The first of these functions described phase (0) of the TMP time course,33 the depolarization phase, as

$$ D(t;\delta ) = L(t;\delta ,\beta ), $$
(2)

with δ the timing of local depolarization and the factor β setting the steepness of the upstroke.

Local repolarization refers to the period during which the TMP moves toward its resting state (Phases 3 and 4), a process that may take up to some hundred ms. The TMP wave form during this period was described as

$$ R(t;\rho ) = L(t;\rho ,\beta_{1} )\,L(t;\rho ,\beta_{2} ), $$
(3)

in which ρ sets the position of the inflection point of the TMPs down slope and β 1 and β 2 are constants setting its leading and trailing slope. Note that the action potential duration, α, defined as

$$ \alpha = \rho - \delta , $$
(4)

represents the time interval between the marker used for the timing of local repolarization ρ and the timing of local depolarization δ; it may be interpreted as the activation recovery interval.24

In summary, the waveform specifying the strength \( S(t;\delta ,\rho ) \) of the local EDL was

$$ S(t;\delta ,\rho ) = D(t;\delta )\,R(t;\rho ) . $$
(5)

Note that this function depends on two parameters only. The constants β 1 and β 2 were found by fitting S(t; δ, ρ) to the STT segment of the rms(t) curve of the 64 ECGs of the individual subjects, as is described in van Oosterom63 and motivated in van Oosterom.61 Examples of the TMP wave forms obtained from (5) are shown in Fig. 1. These may be shifted in time as appropriate in individual cases. Moreover they may be scaled in amplitude to an arbitrary, uniform level in the application to non-ischemic tissue for which, based on solid angle theory applied to a closed double layer, a uniform strength produces no external field.

Figure 1
figure 1

Examples of TMP wave forms based on (5), The constants δ and ρ specify two different timings of activation and recovery; the corresponding activation recovery intervals are α = ρ − δ

Computing Body Surface Potentials

Based on the EDL source description, with its local strength at position \( \vec{x} \) on the surface of the ventricular myocardium (S v) taken to be the local transmembrane potential \( V_{\text{m}} (t,\vec{x}) \), the potential \( \phi (t,\vec{y}) \) generated at any location \( \vec{y} \) on the body surface is

$$ \phi (t,\vec{y}) = \int_{{S_{\text{v}} }} {B(\vec{y},\vec{x})\,V_{\text{m}} (t,\vec{x})} \,d\omega (\vec{y},\vec{x}), $$
(6)

in which \( d\omega (\vec{y},\vec{x}) \) is the solid angle subtended at \( \vec{y} \) by the surface element \( dS(\vec{x}) \) of S v and \( B(\vec{y},\vec{x}) \) is the transfer function expressing the full complexity of the volume conductor (geometry and tissue conductivity). Previous studies26,59 indicated that an appropriate volume conductor model requires the incorporation of the heart, blood cavities, lungs and thorax.
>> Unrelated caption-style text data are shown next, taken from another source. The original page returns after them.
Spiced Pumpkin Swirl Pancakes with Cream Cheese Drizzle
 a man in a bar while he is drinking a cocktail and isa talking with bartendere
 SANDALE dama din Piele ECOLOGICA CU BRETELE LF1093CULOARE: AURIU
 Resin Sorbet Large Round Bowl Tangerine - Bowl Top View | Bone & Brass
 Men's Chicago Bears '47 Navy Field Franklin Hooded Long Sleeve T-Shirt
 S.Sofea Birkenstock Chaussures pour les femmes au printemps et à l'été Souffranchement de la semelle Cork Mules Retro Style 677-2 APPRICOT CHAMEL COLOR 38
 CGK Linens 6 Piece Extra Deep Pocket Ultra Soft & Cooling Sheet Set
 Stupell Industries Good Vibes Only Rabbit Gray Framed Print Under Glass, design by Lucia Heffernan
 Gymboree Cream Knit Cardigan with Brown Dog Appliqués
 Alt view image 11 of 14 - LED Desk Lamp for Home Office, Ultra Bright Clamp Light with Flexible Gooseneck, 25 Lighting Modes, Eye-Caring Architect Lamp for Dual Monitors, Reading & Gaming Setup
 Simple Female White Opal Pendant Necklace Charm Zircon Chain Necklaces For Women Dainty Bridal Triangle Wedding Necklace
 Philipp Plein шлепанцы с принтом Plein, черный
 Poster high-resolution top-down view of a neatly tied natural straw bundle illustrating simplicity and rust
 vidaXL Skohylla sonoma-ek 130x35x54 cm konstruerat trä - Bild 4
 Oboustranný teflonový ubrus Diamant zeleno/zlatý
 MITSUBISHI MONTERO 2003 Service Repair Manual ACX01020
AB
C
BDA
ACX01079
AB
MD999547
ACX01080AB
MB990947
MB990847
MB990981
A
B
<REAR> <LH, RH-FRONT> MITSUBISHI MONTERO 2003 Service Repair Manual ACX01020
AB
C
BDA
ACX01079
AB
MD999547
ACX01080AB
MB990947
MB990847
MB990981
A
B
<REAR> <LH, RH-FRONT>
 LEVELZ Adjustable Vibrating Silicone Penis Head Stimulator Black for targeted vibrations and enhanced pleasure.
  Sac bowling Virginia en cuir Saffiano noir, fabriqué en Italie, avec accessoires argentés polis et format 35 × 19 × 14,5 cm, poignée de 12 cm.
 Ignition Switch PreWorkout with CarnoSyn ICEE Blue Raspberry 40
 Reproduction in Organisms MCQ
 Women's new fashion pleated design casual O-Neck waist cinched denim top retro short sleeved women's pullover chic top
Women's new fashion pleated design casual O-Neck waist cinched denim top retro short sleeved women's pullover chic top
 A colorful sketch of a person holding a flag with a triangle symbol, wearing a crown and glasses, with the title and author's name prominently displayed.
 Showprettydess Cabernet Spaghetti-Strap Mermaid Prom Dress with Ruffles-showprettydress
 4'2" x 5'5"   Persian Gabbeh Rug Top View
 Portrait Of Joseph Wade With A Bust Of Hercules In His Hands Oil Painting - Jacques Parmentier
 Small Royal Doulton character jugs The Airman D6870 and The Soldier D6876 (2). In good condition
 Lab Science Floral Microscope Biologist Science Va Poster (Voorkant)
In this study, the conductivity values σ assigned to the individual compartments were: thorax and ventricular muscle: 0.2 S/m, lungs: 0.04 S/m and blood cavities: 0.6 S/m.

The complex shape of the individual compartments within the volume conductor model does not permit one to determine \( B(\vec{y},\vec{x}) \) by means of an analytical method. Instead, numerical methods have to be used. In this study we used the boundary element method (BEM).21,58 By means of this, while using (5) for describing the TMP, the potential at any node of the discretized (triangulated) body surface was computed as

$$ \phi (t,\ell ) = \sum\limits_{n} {B(\ell ,n)} \,S(t;\delta_{n} ,\rho_{n} ), $$
(7)

with n the number of nodes of the triangulated version of S v. For each moment in time this amounts to the pre-multiplication of the instantaneous column vector (source) S by a (transfer) matrix B, which incorporates the solid angles subtended by source elements as viewed from the nodes of the triangulated surface, scaled by the relative jump in \( \left( {\sigma_{i}^{ + } - \sigma_{i}^{ - } } \right)/\left( {\sigma_{i}^{ + } + \sigma_{i}^{ - } } \right) \) of the local conductivity values σ + i and σ i at either sides of the interfaces i considered.21,58

Inverse Computation of Activation and Recovery

The timing of local depolarization and repolarization was treated as a parameter estimation problem, carried out by minimizing in the least squares sense with respect to the parameters δ and ρ, the difference between the potentials computed on the basis of (7) and the corresponding body surface potentials V(t) observed in the subjects studied. Since the source strength depends non-linearly on the parameters, the minimization procedure needs to be carried out iteratively, for which we used a dedicated version of the Levenberg–Marquardt algorithm.36 The subsequent steps of this procedure alternated between updating the δ and ρ estimates. Updating δ was carried out on the basis of solving

$$ \hbox{arg}\,\hbox{min}_{\varvec{\updelta}}\left(||{\mathbf{V}}-\varvec{\Upphi}(\varvec{\delta};\;\varvec{\rho})||_{\text{F}}^{2} + \mu^{2}||{\mathbf{L}}\,\varvec{\delta}||_{\text{F}}^{2} \right). $$
(8)

Matrix L represents a numerical form of the surface Laplacian operator,27 which serves to regularize the solution by guarding its (spatial) smoothness, μ 2 its weight26 in the optimization process and \( ||\quad ||_{\text{F}}^{2} \) the square of the Frobenius norm. Matrix L is the Laplacian operator normalized by the surface.26 Consequently is proportional to the reciprocal of the propagation velocity. As the propagation velocity of activation and recovery are in the same order of magnitude the same value for μ can be used for activation and recovery.

Updating ρ was based on the same expression after interchanging δ and ρ in the regularization operator (latter part of (8)). Since the problem in hand is non-linear, initial estimates are required for both. In previous studies, related to the activation sequence (δ) only, the initial estimates involved were derived exclusively from the observed BSPs.8,26,38,45 The method employed here is based on the general properties of a propagating wave front. From this initial estimate for depolarization, an estimate of the initial values of the repolarization marker, ρ, is worked out by including the effect of electrotonic interaction on the repolarization process.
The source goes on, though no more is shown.